What is being asked:
Please set down each record exactly as it appears, but leave out any pictures.

*** Provided information

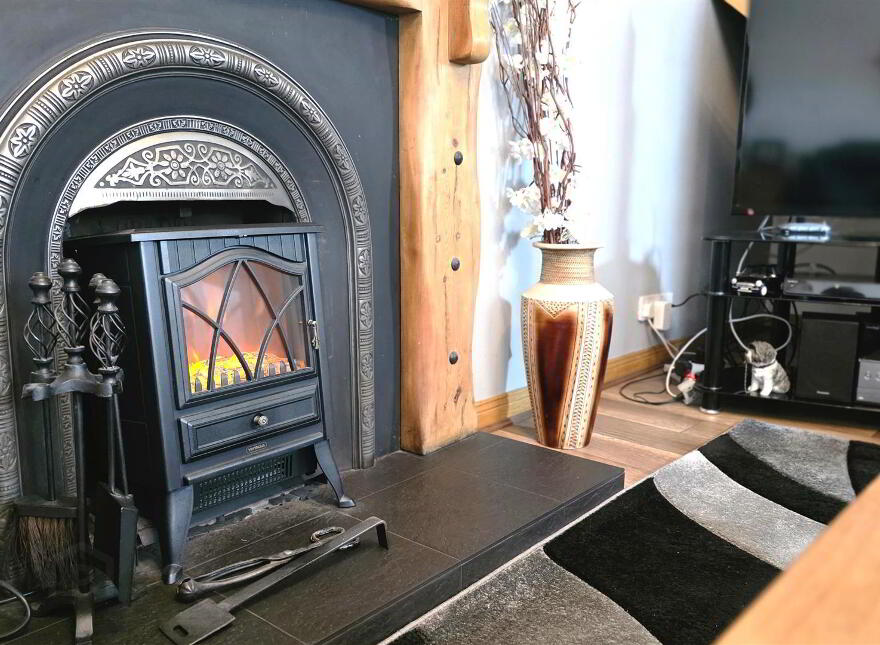 30 The Meadow, Antrim, BT41 1EY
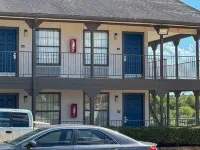 Studio 6 Suites – Mesquite, TX – Gross Rd. Hotels in Mesquite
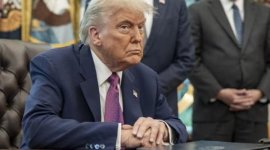 Alertă de securitate la Casa Albă: O mașină a intrat în poartă. Zona a fost securizată de poliția din Washington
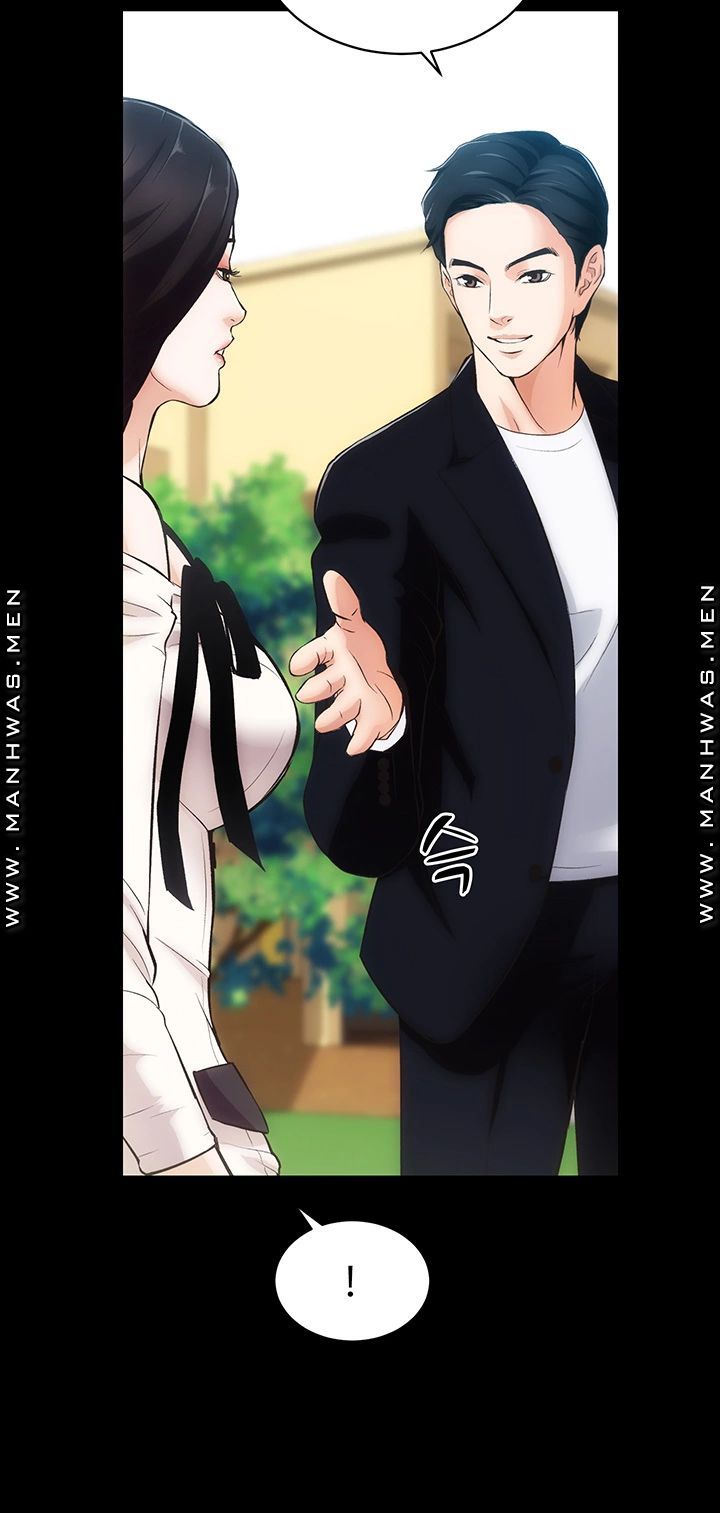 Neighboring Houses Seonggeun Raw Chapter 2 Page 35
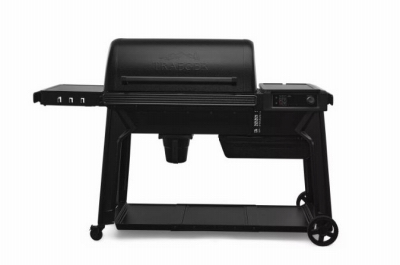 Woodridge Pro Grill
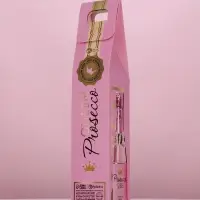 Гель для душа во флаконе шампанское Prosecco Queen, 250 мл, Чистое счастье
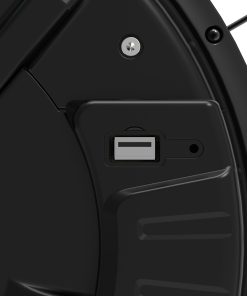 IMortor3 Permanent Magnet DC Motor Bicycle Wheel 27.5 Inch With App Control Adjustable Speed Mode Disk Break - EU Plug 5 IMortor3 Permanent Magnet DC Motor Bicycle Wheel 27.5 Inch With App Control Adjustable Speed Mode Disk Break - EU Plug -rockbros-shop imortor3 permanent magnet dc motor bicycle 27 5 inch wheel eu version 1574132715949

******

Result for this task:
 30 The Meadow, Antrim, BT41 1EY
 Studio 6 Suites – Mesquite, TX – Gross Rd. Hotels in Mesquite
 Alertă de securitate la Casa Albă: O mașină a intrat în poartă. Zona a fost securizată de poliția din Washington
 Neighboring Houses Seonggeun Raw Chapter 2 Page 35
 Woodridge Pro Grill
 Гель для душа во флаконе шампанское Prosecco Queen, 250 мл, Чистое счастье
 IMortor3 Permanent Magnet DC Motor Bicycle Wheel 27.5 Inch With App Control Adjustable Speed Mode Disk Break - EU Plug 5 IMortor3 Permanent Magnet DC Motor Bicycle Wheel 27.5 Inch With App Control Adjustable Speed Mode Disk Break - EU Plug -rockbros-shop imortor3 permanent magnet dc motor bicycle 27 5 inch wheel eu version 1574132715949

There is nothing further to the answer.